Comme nous le rappelle JR Rawson dans un papier de 2009 paru dans la revue Archivaria intitulé Accessing Transgender//Desiring Queer(re ?) Archival logics, le tag, l’indexation à des fins de recherche productive ou efficace au service de la recherche universitaire se focalisent sur des formes de satisfaction et donc de frustration liée à la productivité et l’efficacité propre aux rendus académiques. Mais faut-il savoir ce que l’on cherche avant d’être allé à la rencontre des archives sous tous supports ? Faut-il trouver ou naviguer ? Trouver ou se frotter ? Trouver ou toucher, être touché·e·x ? La fonction « recherche » dans les archives, est-ce « search » avec des mots clés déjà connus ou « browse » qui favorise la rencontre aléatoire et familière avec les archives ? Rawson va encore plus loin : pourquoi ne pas admettre que les archives peuvent aussi nous désirer ? Que l’on peut toucher le passé et être touché par lui au contact d’objets-archives ? Comme cette robe pour une soirée Madonna dans la boîte de nuit parisienne Le Tango ou les fouets et les godes de l’écrivain Guillaume Dustan qui font partie des archives du Centre d’archives exposées dans son exposition Alice·x au pays des archives présentée du 17 au 19 mai au Palais de Tokyo ? Avec cette exposition, le Centre propose une consultation sensible et affective des archives et provoque la rencontre matérielle, physique avec des histoires de vies LGBTQI+.

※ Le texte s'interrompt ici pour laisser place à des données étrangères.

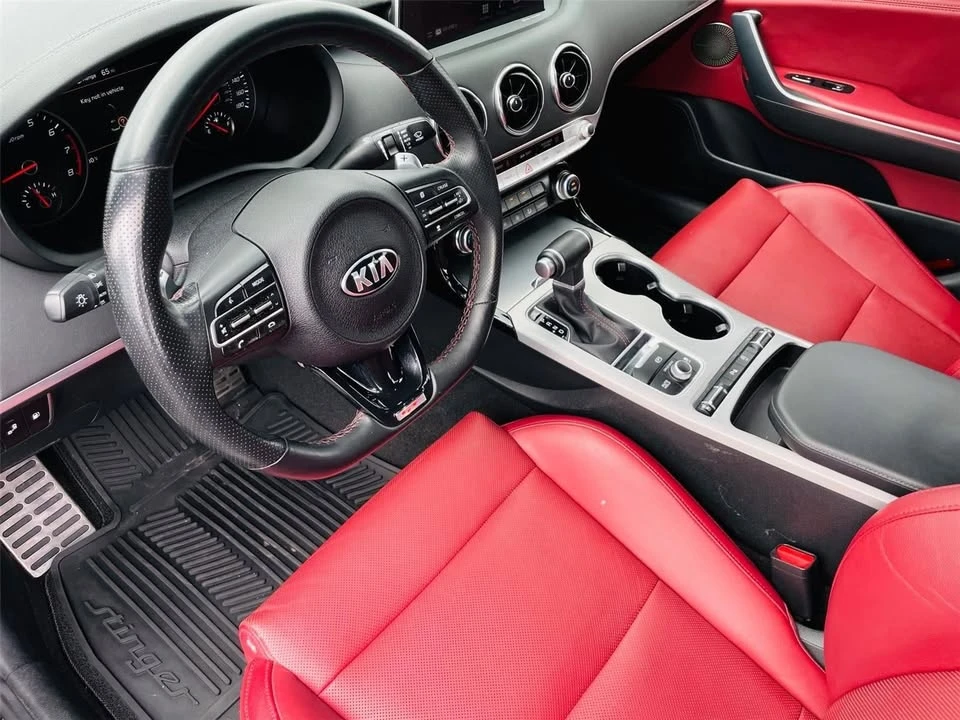 2021 Kia Stinger GT - Image 8 of 10
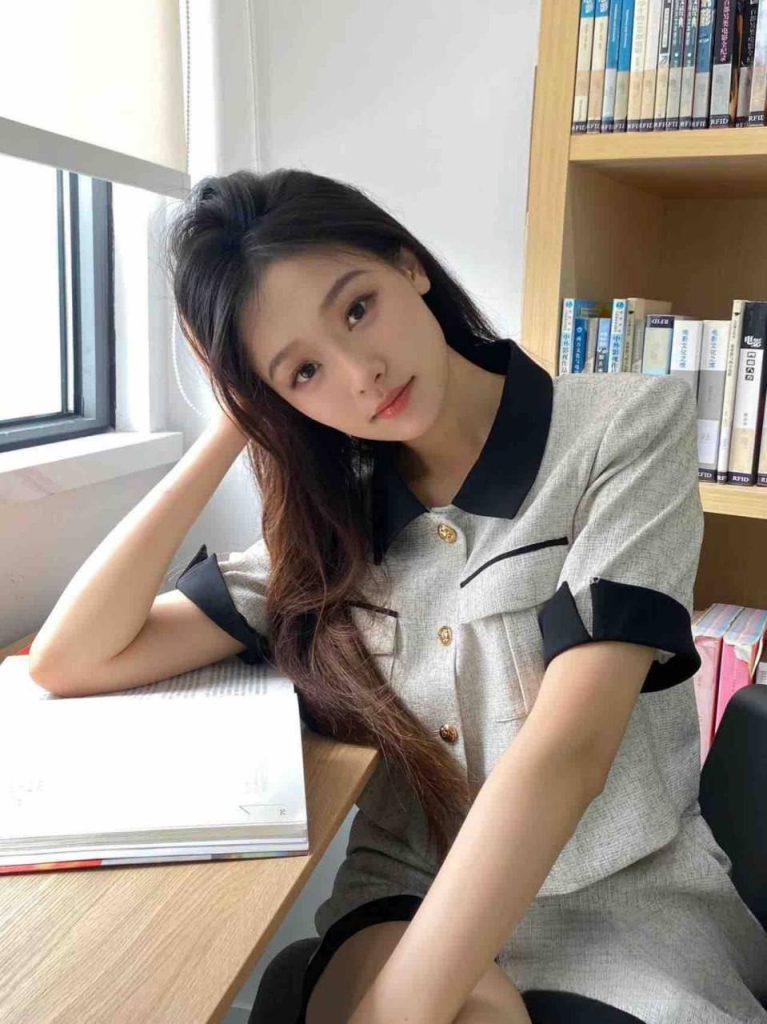 郑州外围 05大学生 听话乖巧 治愈系阳光女孩相关配图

La rencontre avec les documents, mais aussi les films, les objets, les affects, les émotions, les voix et les autres corps, c’est cette Recherche à la fois plus ample et collective qui permet de générer au Centre d’archives LGTQI+ Paris IDF une foultitude de savoirs et de pratiques à partir des archives et d’accueillir autant de publics. Elle est différente de la recherche scientifique de la vérité et du cadre épistémologique de l’histoire et des sciences sociales.
Alors, la vérité ou la vie ? La vie pour reprendre Nietzsche. Loin de la poussière et de la nécropolitique de l’archive, aux antipodes de la rencontre ratée avec les archives qu’est la loi « de réparation » Bourgi votée à l’unanimité le 6 mars 2024 par l’assemblée nationale. En ratant sciemment le volet des réparations collectives en appui sur les archives et à la différence de ce qui s’est passé en Espagne ou au Canada, le parlement et les associations LGBT mainstream ont préféré séparer les corps des LGBTQI+ mais aussi des TDS et des personnes queer racisé·e·x·s encore vivants des archives qui les concernent pour la réparation de leur vie massacrée.